Naviguer dans ses notes

 

Dans ses notes sur les Mémoires d’Hadrien, Marguerite Yourcenar retrace quelques-unes des étapes par lesquelles elle en est venue, d’année en année, à élaborer cette œuvre majeure de son répertoire d’écrivain.

En lisant ces notes qui donnent une idée assez précise du chemin d’incertitude qu’il lui a fallu parcourir afin de mener à bien cet ouvrage, je me demandais, ces derniers jours, quel usage elle ferait, aujourd’hui, des nombreux outils d’écriture que nous offre l’informatique : quel emploi ferait-elle, par exemple, des tags, ces étiquettes numériques qui permettent de classer des documents et de faire des recherches dans ses notes, elle qui explique avoir accumulé, sur une période de plusieurs années, de 1924 à 1929, une documentation abondante et complexe ?

Projets, idées, courriers, souvenirs, journal, liens électroniques : un ensemble de notes classées ici, avec Tinderbox, en mode Outline.

Quel usage ferait-elle de certaines fonctionnalités numériques dont l’utilisation favorise des effets de perspective et de focalisation impossibles à obtenir au moyen d’outils manuscrits ? Je pense ici, en particulier, au fait de pouvoir relire les notes d’une période donnée à partir de mots-clés ou selon des méta-données mises au point par l’utilisateur lui-même.

Parmi les attributs système de Tinderbox, l’attribut Created classe les notes d’un fichier en fonction de leur date de création.

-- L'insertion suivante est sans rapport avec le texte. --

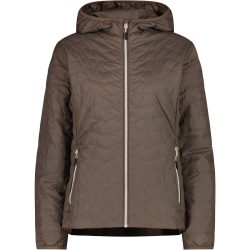 CMP Damen Hoodie Jacke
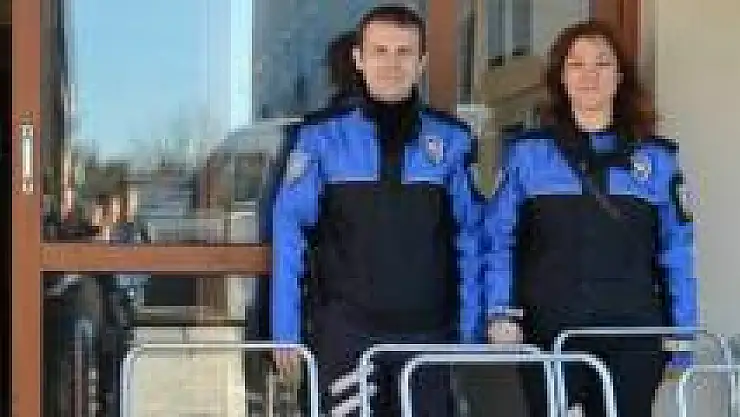 Nitelikli sandalyeler ihtiyaç sahiplerine ulaştı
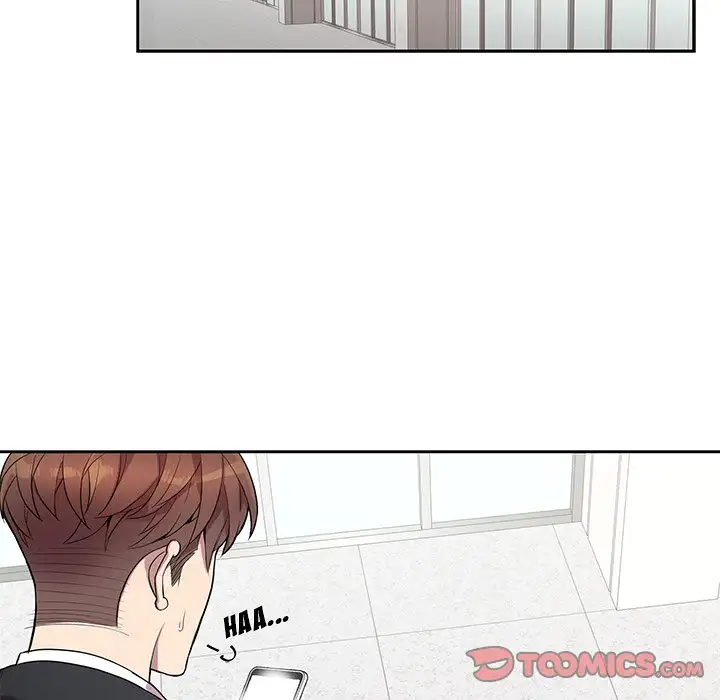 Why Is it You? Chapter 15 Page 30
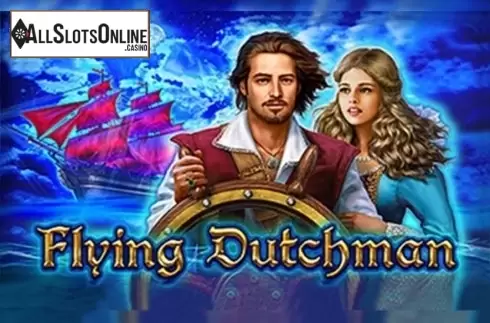 Flying Dutchman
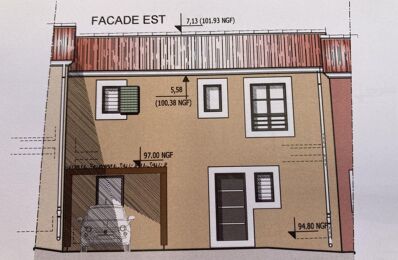 vente maison 293 000 € à proximité de Murviel-Lès-Béziers (34490)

Si le processus de l’écriture romanesque m’est beaucoup moins familier que celui de l’écriture académique, néanmoins, l’élaboration d’une thèse de doctorat a achevé de me convaincre de l’utilité, voire de la nécessité, de certains de ces outils numériques. Parmi ceux-ci, il en est un que j’utilise depuis 2009 et dont je ne cesse de parler avec plaisir dans ce journal. Je veux parler de Tinderbox, cet outil de prise de notes auquel son concepteur, Mark Bernstein, consacre, ces derniers mois, plusieurs tutoriels, et dont je me suis régulièrement servi, durant la rédaction de ma thèse, notamment pour prendre des notes de lecture.

Un exemple de notes de lecture : à gauche, le titre des notes; à droite, le texte de chaque note avec ses attributs système et utilisateur.

Parmi les nombreuses fonctions qu’offre cet outil numérique hors du commun, il en est une — l’Attribute Browser, navigateur d’attributs en français —, qui présente, dans le cadre d’un travail d’écriture académique ou romanesque, un intérêt majeur : relire ses notes depuis un point de perspective analytique, comme si chaque note constituait une entrée de dictionnaire ou de catalogue.

Le navigateur d’attributs. À gauche, une liste d’attributs utilisateur : nom, type, projet, champ.

Cet outil, dont de nombreux usagers du forum Tinderbox se font régulièrement l’écho, possède en particulier l’avantage, si l’on est un peu familiarisé avec cette méthode de travail, de favoriser une réflexion de type associatif. Le navigateur d’attributs présente en effet de nombreuses similitudes avec une boîte à fiches physique conçue autour d’un système de classement par onglets : il est possible, par exemple, de parcourir ses étiquettes et ses notes du même pas et d’associer ainsi librement à partir de petites portions de textes auxquelles chaque étiquette donne un accès focalisé. Si ma note comporte plusieurs étiquettes, je pourrai, de ce fait, la relire depuis plusieurs points de focalisation, un peu comme si, contemplant un paysage depuis des points de perspective successifs, j’en saisissais très finement différents détails, imperceptibles autrement.

En mode Map : en haut, à gauche, le prototype que j’utilise pour toutes mes notes; en bas, à gauche, le container qui regroupe l’ensemble de mes notes; en bas, à droite, un agent chargé de rassembler chaque note dont l’attribut utilisateur “type” comporte la mention “en cours”.

Tinderbox est un outil d’une grande polyvalence et la fonction que je décris ici — relire ses notes dans l’Attribute Browser — ne représente qu’une petite partie, certes significative, d’un logiciel dédié à l’écriture vraiment exceptionnel.